Sourdough Discard Scallion Layered Pancake

Scallion pancakes are a common street food in Taiwan and China. The layering, fragrant oil and an almost ridiculous amount of chopped scallions make it a simple but well-appreciated delicious meal on its own.

The Taiwanese tend to roll the dough out thinner while the Chinese prefer a thicker dough. I think both taste great. The former is crispier and chewier while the latter is softer and actually my preference.

Original recipe is in Chinese, this link has a pictorial and video step-by-step guide, I translated the former below.
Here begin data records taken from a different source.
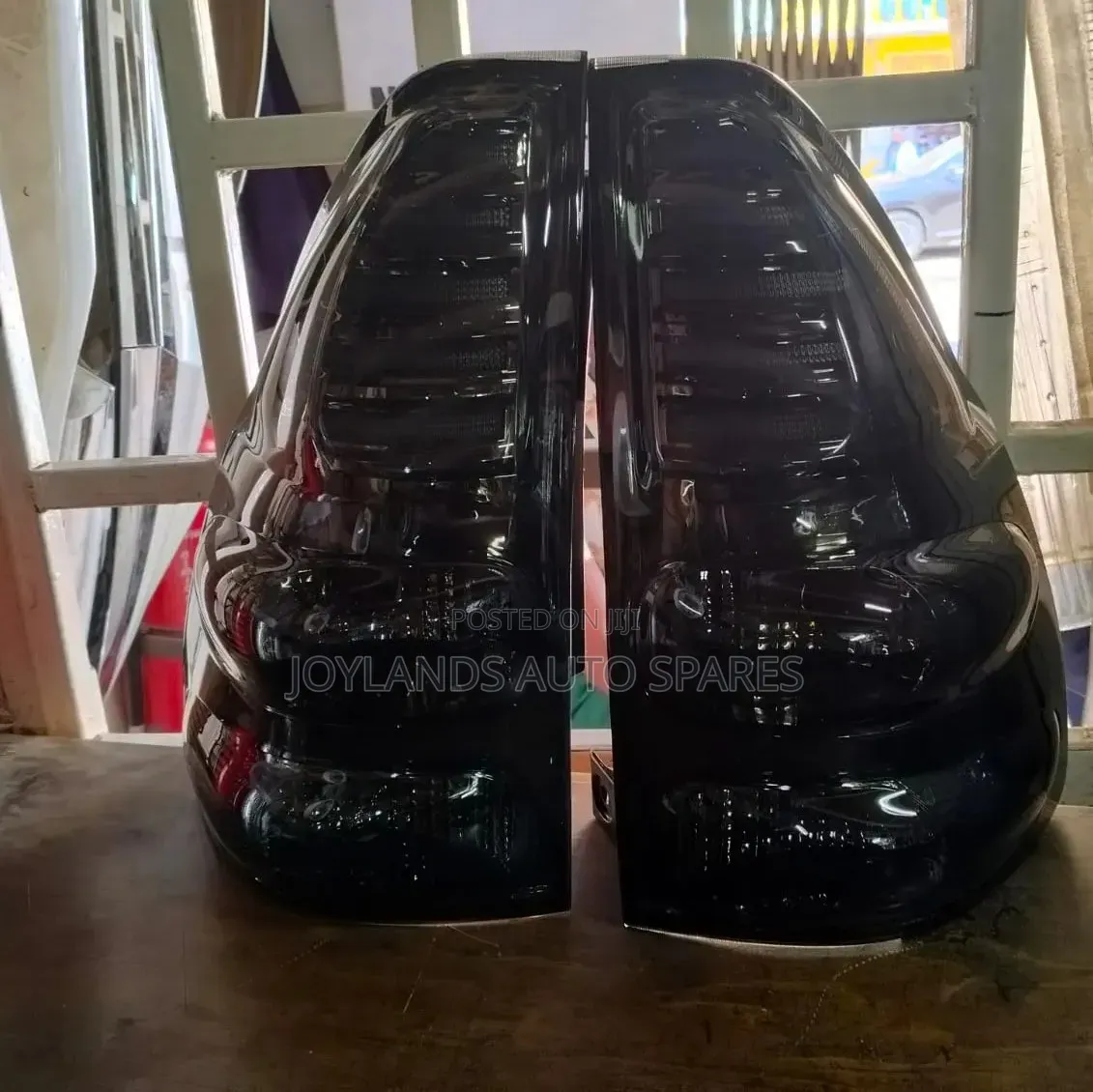 Prado 120 Aftermarket/Smoked-Led Tail Lights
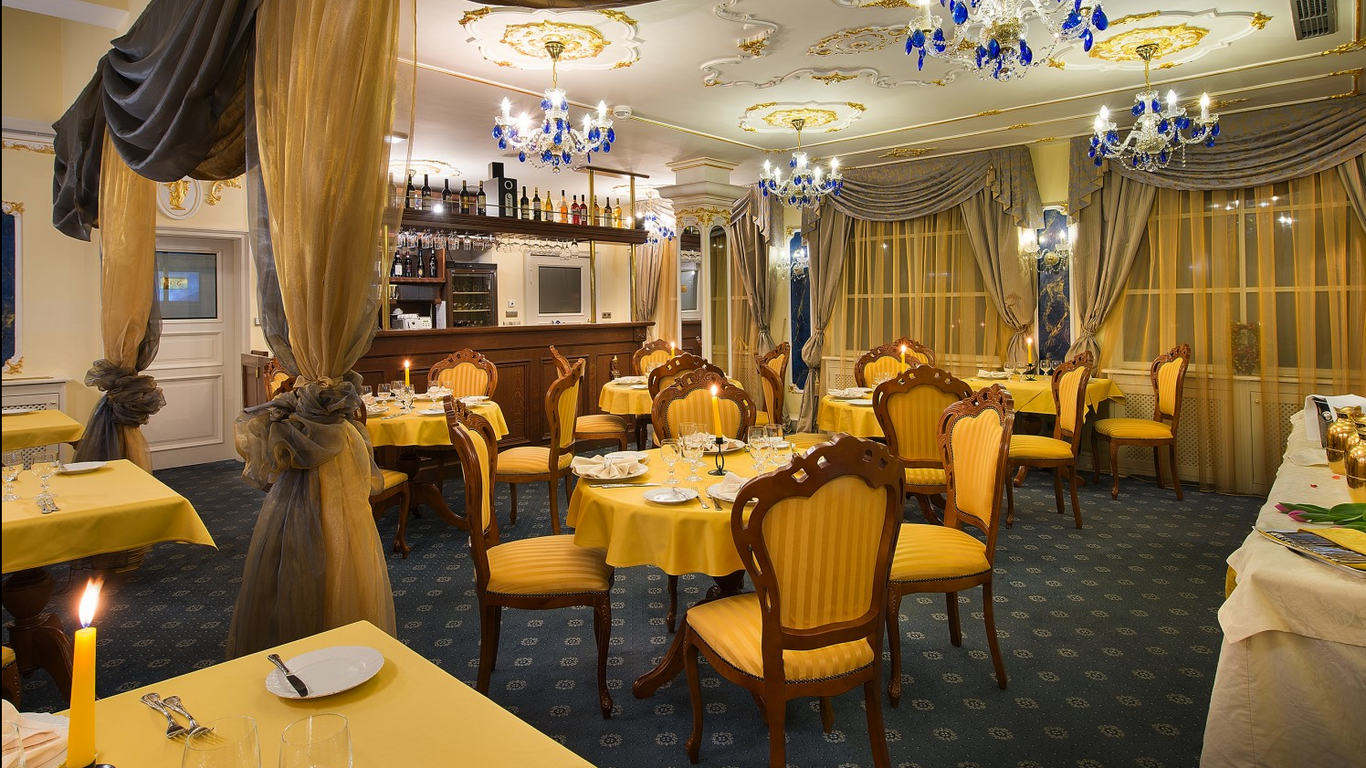 Hotel General- Old Town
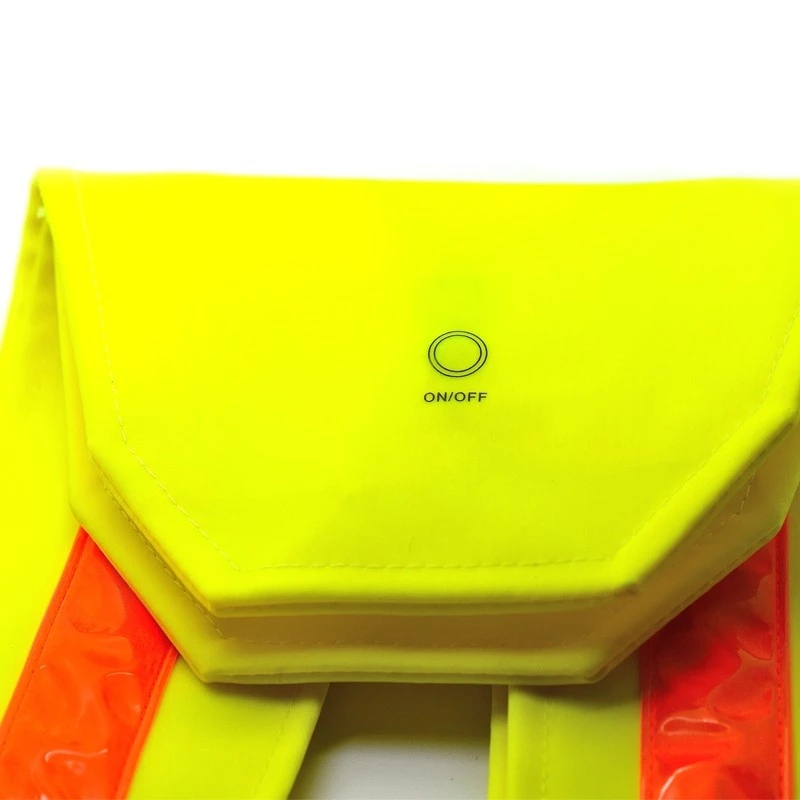 Dossard De Signalisation Triangulaire Avec 8 LED Clignotantes 7 Dossard De Signalisation Triangulaire Avec 8 LED Clignotantes – Image 5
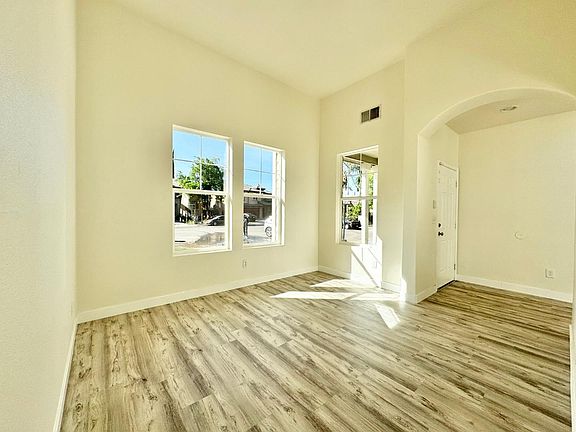 4th image of 544 Rockingham Ct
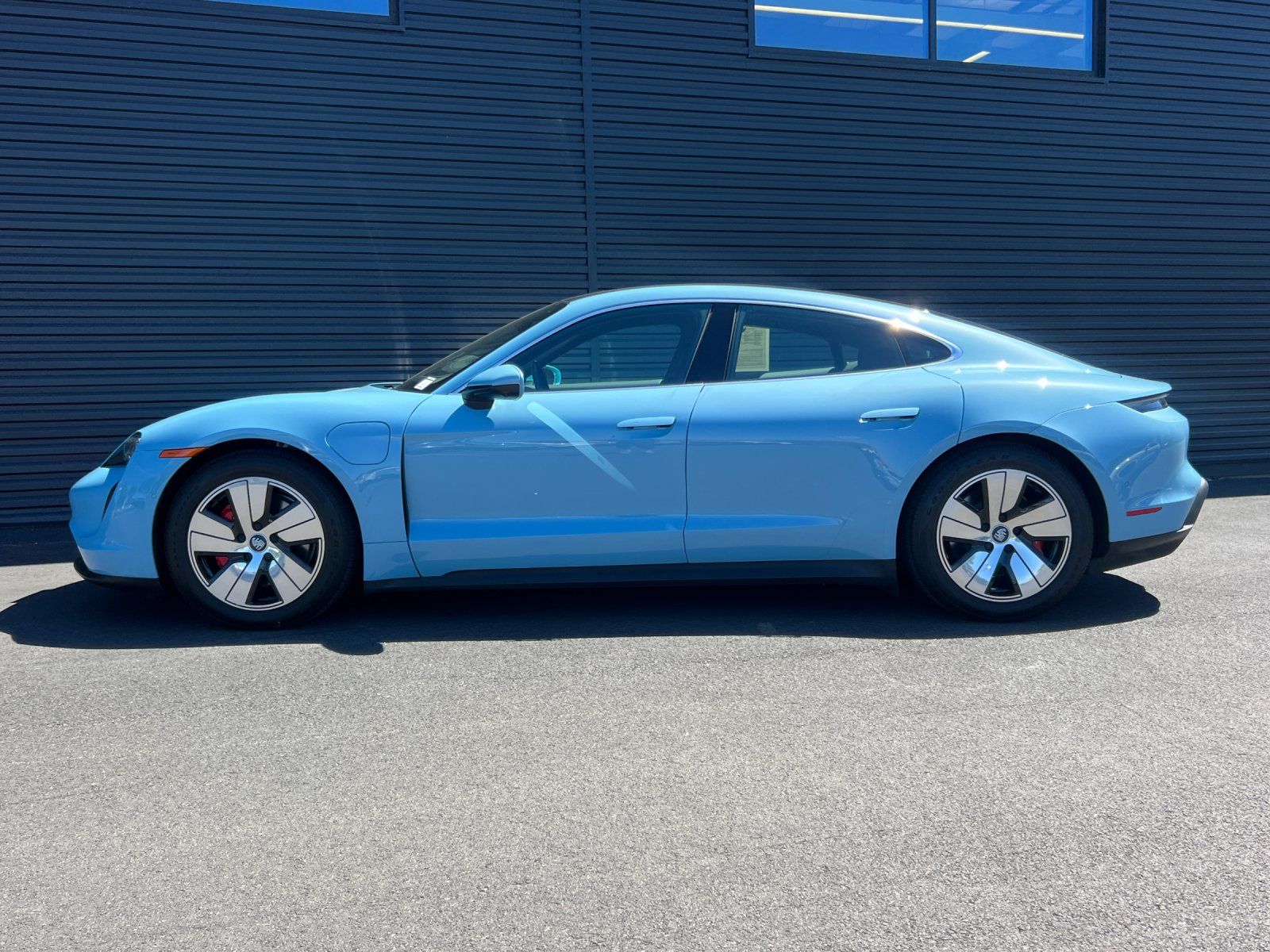 2024 Porsche Taycan 4S — full photo 3 of 29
Sourdough Discard Scallion Layered Pancake

Recipe makes 4
Ingredients

      250g All purpose flour
      100g fresh/ripe discard
      130g warm water
      10g sugar
      1/8 tsp or 3g salt
      About 120g chopped scallions
      White pepper powder
      2 tbsp Sesame oil
      1/2 tsp salt

    Note: I used 200g fresh discard, 200g APF and 70g water

    Directions

    1. Mix first 5 ingredients together in a mixer to form a smooth dough that’s no longer sticky (Mine only took a minute at speed 3). Add the last 10g of water with caution in case of wet dough.
    2. Proof for 1 hour, dough will not double, reaching at most 1.5 times the size
    3. Split the dough into 4 portions, shape them into balls, cover with cling wrap and let the gluten relax for 20 minutes
    4. Take each piece of dough, roll it completely flat. Sprinkle 1/8 tsp salt and some pepper onto it. Spread 1/2 tbsp sesame oil all over. Sprinkle chopped scallions all over. Roll it up lengthwise into a thin log. Roll the log into a pinwheel. Let gluten relax for 10 minutes and roll the dough into a thin flat circle for Taiwanese version. Flatten to half the thickness for the Chinese version.
    5. Heat some oil in a pan and fry the dough on both sides.